TLDR: This paper investigates how large language models (LLMs) memorize training data during fine-tuning for domain adaptation and instruction tuning. It introduces an n-gram memorization score that reliably predicts verbatim memorization, enabling effective early stopping. Additionally, a novel n-gram-aware loss regularizer is proposed, significantly reducing memorization (up to 40%) with minimal performance loss, offering scalable and practical mitigation strategies.
Large Language Models (LLMs) have demonstrated incredible capabilities across a vast array of tasks, but their ability to sometimes reproduce parts of their training data verbatim raises significant concerns about privacy and copyright. While much attention has been paid to memorization during the initial pre-training phase, the dynamics of memorization during fine-tuning—especially for domain adaptation and instruction tuning—have remained less explored.
A recent research paper, Early Detection and Reduction of Memorisation for Domain Adaptation and Instruction Tuning, by Dean L. Slack and Noura Al Moubayed from Durham University, U.K., delves into this critical area. The study investigates how models like Pythia, Llama3, and Mistral, ranging from 1.4 billion to 70 billion parameters, memorize data when fine-tuned on common evaluation datasets.

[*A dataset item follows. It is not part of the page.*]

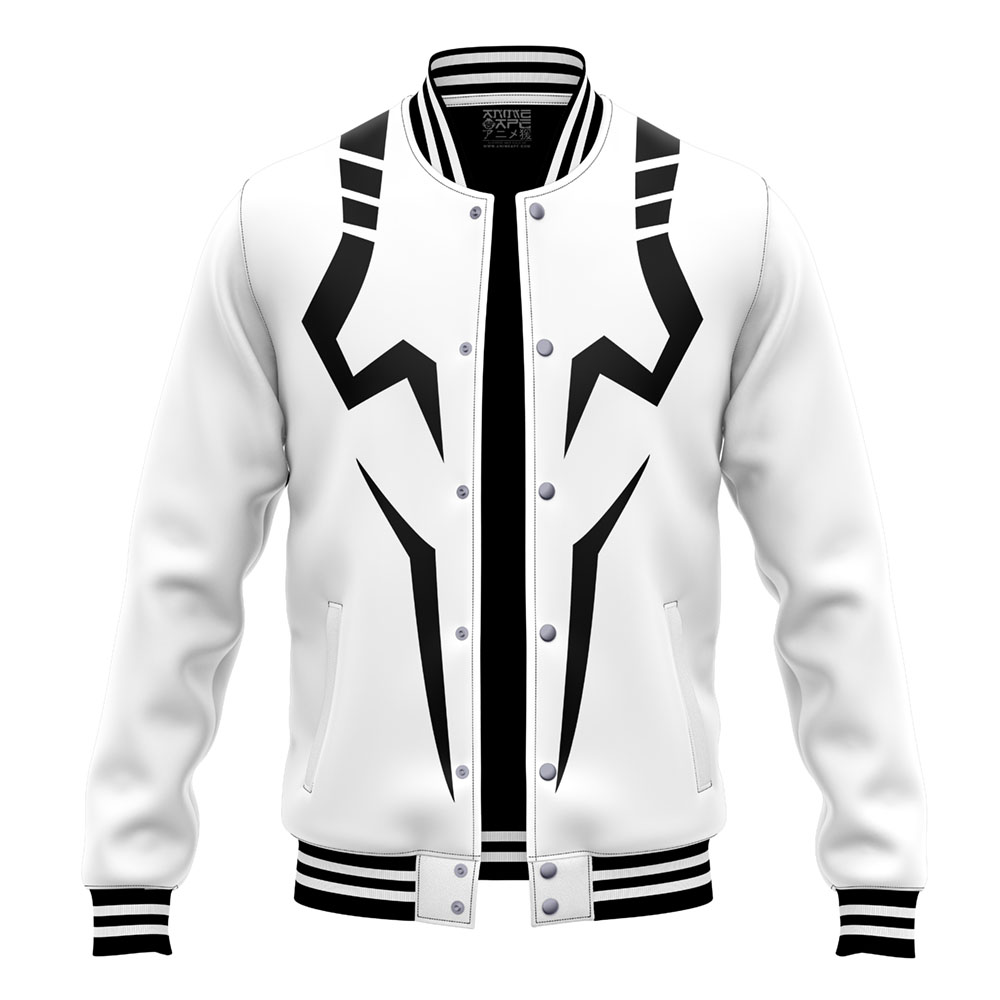 Buildercar - Sukuna Jujutsu Kaisen Varsity Jacket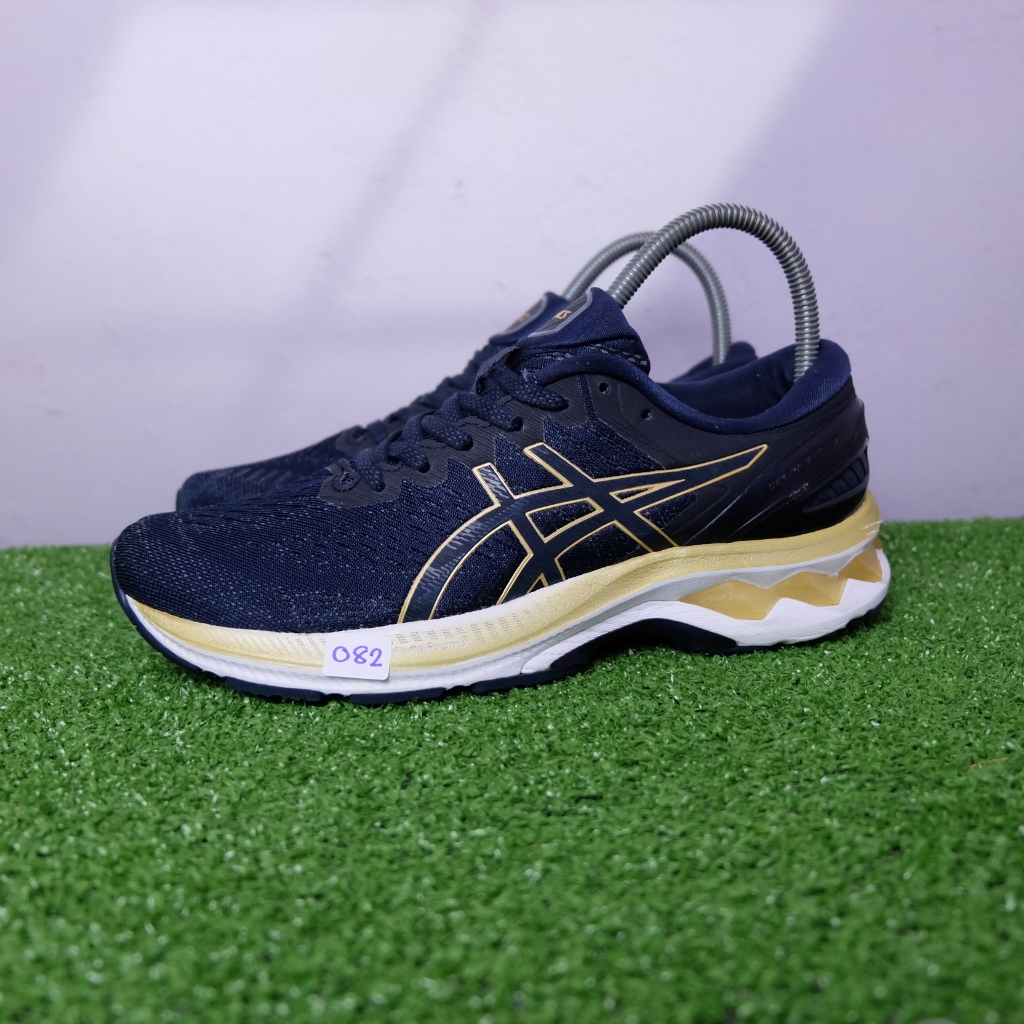 (38/24 cm) Asics GEL-KAYANO 27 ComfortableWear สภาพสวย เอสิคส์มือ2ของแท้💯 รองเท้าวิ่งผู้หญิง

The Problem of Early Memorization
The researchers observed a striking trend: memorization increases dramatically in the initial epochs of fine-tuning. This often happens well before the model achieves optimal performance, whether measured by validation perplexity or task-specific evaluation. This early memorization suggests that LLMs quickly absorb new information, potentially sensitive data, before traditional early stopping criteria would typically halt training.
N-gram Memorization: An Early Warning System
To address this, the paper introduces a simple yet highly effective n-gram memorization score. This score acts as a reliable precursor to verbatim memorization, meaning it can signal that a sample is at high risk of being fully memorized before it actually happens. By tracking this n-gram score throughout training, it becomes possible to identify and intervene earlier.
The study found a clear distinction in partial memorization scores between samples that eventually become memorized and those that do not. This gap was particularly pronounced in instruction-following and summarization datasets, which often contain repetitive or templated phrases. Larger models also showed a greater increase in this partial memorization score, indicating its scalability as a predictive metric.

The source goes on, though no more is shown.